# how to add 211 as second receiver



## sb43201 (Feb 22, 2013)

I have a 722k and want to add an used 211 in the basement. I got the 211 from the yard sale and is not activated. I suppose that I can connect the 211 directly to the LNB, right? The 211 has a OTA port too, how does it work? And how to activate the 211? How much more I need to pay to have 2nd receiver? Thanks.


----------



## some guy (Oct 27, 2012)

sb43201;3184888 said:


> I have a 722k and want to add an used 211 in the basement. I got the 211 from the yard sale and is not activated. I suppose that I can connect the 211 directly to the LNB, right? The 211 has a OTA port too, how does it work? And how to activate the 211? How much more I need to pay to have 2nd receiver? Thanks.


$7 per month

Yes you can connect directly to the dish if you have a free port

Connect an ota antenna to the ota antenna jack on the 211 and scan for locals

Call dish to activate


----------



## boba (May 23, 2003)

After you have it connected to the dish, call DISH and give them the S# and R# so they can address the receiver. Cost of additional 211 is $7/mo.


----------



## P Smith (Jul 25, 2002)

sb43201 said:


> I have a 722k and want to add an used 211 in the basement. I got the 211 from the yard sale and is not activated. I suppose that I can connect the 211 directly to the LNB, right? The 211 has a OTA port too, how does it work? And how to activate the 211? How much more I need to pay to have 2nd receiver? Thanks.

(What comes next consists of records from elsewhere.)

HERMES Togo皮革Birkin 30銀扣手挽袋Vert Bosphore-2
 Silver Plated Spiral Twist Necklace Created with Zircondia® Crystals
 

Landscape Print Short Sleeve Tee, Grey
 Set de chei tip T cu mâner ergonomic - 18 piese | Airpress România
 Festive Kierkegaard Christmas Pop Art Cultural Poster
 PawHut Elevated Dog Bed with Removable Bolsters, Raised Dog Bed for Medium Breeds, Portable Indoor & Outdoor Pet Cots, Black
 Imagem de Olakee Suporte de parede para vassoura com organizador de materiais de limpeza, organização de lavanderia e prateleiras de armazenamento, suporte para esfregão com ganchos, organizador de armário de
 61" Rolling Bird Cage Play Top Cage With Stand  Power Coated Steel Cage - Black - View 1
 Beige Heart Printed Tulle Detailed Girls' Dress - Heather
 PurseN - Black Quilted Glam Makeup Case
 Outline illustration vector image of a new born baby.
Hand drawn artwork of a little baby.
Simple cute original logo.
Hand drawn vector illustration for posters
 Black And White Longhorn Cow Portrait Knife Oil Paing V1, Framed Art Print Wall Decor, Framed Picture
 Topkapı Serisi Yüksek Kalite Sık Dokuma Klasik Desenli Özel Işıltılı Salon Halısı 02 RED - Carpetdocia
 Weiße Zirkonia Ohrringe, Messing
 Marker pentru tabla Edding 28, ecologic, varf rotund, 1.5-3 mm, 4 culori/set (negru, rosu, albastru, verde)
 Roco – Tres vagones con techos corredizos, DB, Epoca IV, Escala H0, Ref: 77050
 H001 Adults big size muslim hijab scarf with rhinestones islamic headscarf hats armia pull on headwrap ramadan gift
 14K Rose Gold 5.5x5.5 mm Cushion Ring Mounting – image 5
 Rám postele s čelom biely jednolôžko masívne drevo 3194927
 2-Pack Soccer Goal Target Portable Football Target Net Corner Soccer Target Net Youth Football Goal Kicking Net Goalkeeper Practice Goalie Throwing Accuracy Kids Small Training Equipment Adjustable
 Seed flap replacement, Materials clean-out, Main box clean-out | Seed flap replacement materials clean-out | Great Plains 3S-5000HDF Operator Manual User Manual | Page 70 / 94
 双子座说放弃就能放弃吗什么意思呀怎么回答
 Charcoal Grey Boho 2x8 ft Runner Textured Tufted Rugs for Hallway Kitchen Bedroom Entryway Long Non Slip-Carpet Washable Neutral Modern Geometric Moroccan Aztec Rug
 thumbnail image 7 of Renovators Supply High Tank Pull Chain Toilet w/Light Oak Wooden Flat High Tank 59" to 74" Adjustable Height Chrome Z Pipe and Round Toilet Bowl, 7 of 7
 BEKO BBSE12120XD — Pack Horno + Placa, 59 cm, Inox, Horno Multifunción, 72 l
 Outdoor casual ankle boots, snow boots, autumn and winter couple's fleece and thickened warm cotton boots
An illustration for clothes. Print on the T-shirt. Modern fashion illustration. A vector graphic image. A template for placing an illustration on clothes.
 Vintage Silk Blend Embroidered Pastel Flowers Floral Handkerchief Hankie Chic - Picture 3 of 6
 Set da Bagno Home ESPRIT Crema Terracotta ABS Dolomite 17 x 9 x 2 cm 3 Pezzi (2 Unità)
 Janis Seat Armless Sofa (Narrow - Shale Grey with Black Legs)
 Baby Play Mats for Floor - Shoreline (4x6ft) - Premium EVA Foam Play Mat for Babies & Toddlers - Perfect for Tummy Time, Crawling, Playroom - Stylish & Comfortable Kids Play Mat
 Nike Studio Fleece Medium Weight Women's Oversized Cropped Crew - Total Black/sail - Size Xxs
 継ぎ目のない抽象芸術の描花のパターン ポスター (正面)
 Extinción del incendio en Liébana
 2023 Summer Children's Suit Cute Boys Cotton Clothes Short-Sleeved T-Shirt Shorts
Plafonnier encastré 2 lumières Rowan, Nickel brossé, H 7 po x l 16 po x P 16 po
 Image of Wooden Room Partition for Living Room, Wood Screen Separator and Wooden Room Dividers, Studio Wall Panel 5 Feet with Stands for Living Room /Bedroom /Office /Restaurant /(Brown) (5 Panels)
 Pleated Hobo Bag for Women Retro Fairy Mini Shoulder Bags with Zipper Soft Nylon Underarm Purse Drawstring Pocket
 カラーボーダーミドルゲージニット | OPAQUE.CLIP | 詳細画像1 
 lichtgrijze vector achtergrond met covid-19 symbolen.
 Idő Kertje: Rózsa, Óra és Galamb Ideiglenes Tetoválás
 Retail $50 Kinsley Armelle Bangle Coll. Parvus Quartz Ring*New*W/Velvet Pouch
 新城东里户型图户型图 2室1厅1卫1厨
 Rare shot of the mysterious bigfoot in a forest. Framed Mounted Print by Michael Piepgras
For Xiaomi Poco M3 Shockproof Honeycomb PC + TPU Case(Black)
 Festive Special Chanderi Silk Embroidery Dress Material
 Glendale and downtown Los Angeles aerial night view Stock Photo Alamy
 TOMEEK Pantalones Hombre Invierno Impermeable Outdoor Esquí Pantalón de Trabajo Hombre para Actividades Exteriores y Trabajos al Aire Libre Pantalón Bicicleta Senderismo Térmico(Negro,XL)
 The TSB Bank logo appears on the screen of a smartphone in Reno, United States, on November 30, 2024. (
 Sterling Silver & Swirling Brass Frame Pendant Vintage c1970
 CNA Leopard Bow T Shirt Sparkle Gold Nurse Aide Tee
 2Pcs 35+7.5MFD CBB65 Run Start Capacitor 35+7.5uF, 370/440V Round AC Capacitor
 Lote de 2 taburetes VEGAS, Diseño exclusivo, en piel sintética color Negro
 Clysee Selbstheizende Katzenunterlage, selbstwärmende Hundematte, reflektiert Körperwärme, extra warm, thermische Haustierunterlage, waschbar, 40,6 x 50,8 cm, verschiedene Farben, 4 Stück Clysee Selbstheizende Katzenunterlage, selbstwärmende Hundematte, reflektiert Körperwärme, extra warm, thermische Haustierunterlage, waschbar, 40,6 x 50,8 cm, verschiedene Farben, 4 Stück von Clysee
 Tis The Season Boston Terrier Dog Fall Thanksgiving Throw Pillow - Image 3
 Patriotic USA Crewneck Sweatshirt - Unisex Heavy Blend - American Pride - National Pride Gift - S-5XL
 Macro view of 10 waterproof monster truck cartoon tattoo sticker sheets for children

- you can connect coaxes from LNBF and OTA
- call CSR
- $7

cross your fingers, the box could have a balance or stolen


----------



## Grandude (Oct 21, 2004)

If you get it successfully installed and activated you can also make it into a DVR (of sorts) by adding an external hard drive.


----------



## P Smith (Jul 25, 2002)

Grandude said:


> If you get it successfully installed and activated you can also make it into a DVR (of sorts) by adding an external hard drive.


it will cost you one time fee $40 and you must supply your own HDD (up to 2 TB) and USB 2.0 enclosure.


----------



## Rduce (May 16, 2008)

If you have the wiring already in place the entire process of attaching it and calling it should not take much more than a 30 to 45 minutes. Pretty painless, unless you get a CSR that does not understand you and tried to schedule an appointment, as I had once. She kept insisting that I needed to have a tech come out to run the wire and setup the receiver. I finally had to ask for someone that understood ME!


----------



## Ray [email protected] Network (Dec 28, 2010)

I can check the availability of the receiver to add to your account. Please PM the receiver number to me if you would like me to check. As mentioned in a later post, if there is a balance or if the receiver was leased, you won't be able to add this receiver to your account. Please let me know. Thanks.



sb43201 said:


> I have a 722k and want to add an used 211 in the basement. I got the 211 from the yard sale and is not activated. I suppose that I can connect the 211 directly to the LNB, right? The 211 has a OTA port too, how does it work? And how to activate the 211? How much more I need to pay to have 2nd receiver? Thanks.


----------